Леднев снял медицинский колпак с головы:

– Здесь, пожалуйста. Напишите: Глебу. Это мой правнук… Когда-то баскетболил, хотел стать такой же звездой, как вы.

– О, правда? В вас, небось, ростом пошел?

Леднев засмеялся:

– Верите ли, в детстве я ненавидел свой рост. Мне кто-то сказал, что таких длинных не берут в космонавты. А я, представьте себе, мечтал полететь на Луну.

– На Луну? – удивился Верховцев. – Зачем?

– Это была общая мечта всех мальчишек моего времени. Знаете, Лунная программа и все такое.
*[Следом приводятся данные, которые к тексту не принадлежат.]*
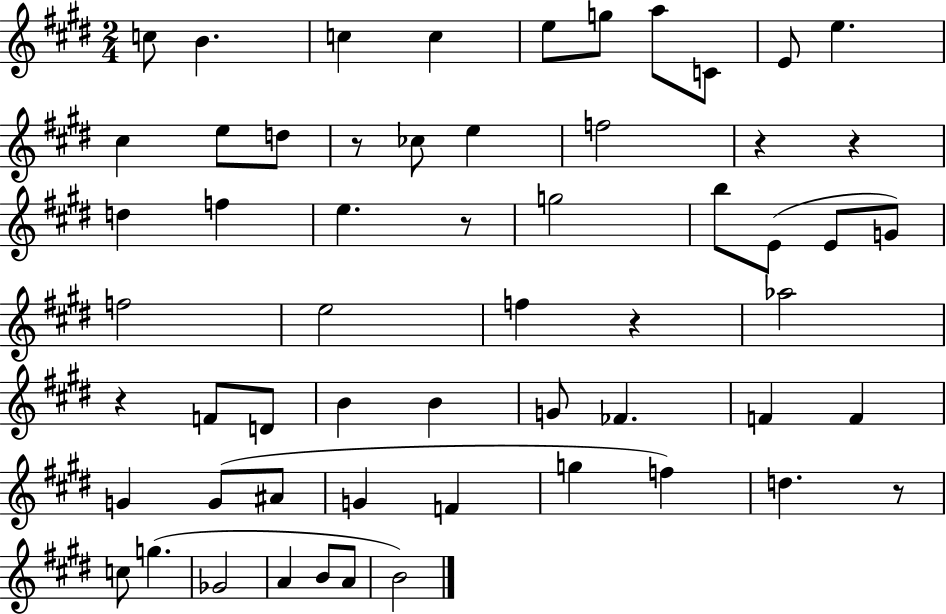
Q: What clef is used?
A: treble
После полета Гагарина о чем еще можно было мечтать? Только о полете на Луну.

– Гагарин, – озадаченно произнес Верховцев. – Гагарин. Знакомая фамилия. Был у нас в команде один Гагарин. Маленький такой клоп, а прыгучий, и так с мячом слипался, что поди отними. Неплохой был игрок, да… Значит, кому?.. Как, вы сказали, зовут вашего парня?

– Глеб. Он ваш преданный фанат. Был легким форвардом в школьной команде… Потом в универе… Рост два метра пять, очень был хорош в передней линии атаки. Сейчас-то, конечно, не играет, не до того – работа, дела…

Верховцев, одобрительно кивая, расписывал колпак старательными каракулями, но вдруг, на последних словах Леднева, бросил ручку, уронил голову в ладони и беззвучно зарыдал.

– Что с вами? – всполошился Дмитрий Антонович. – Дорогой мой! Что такое?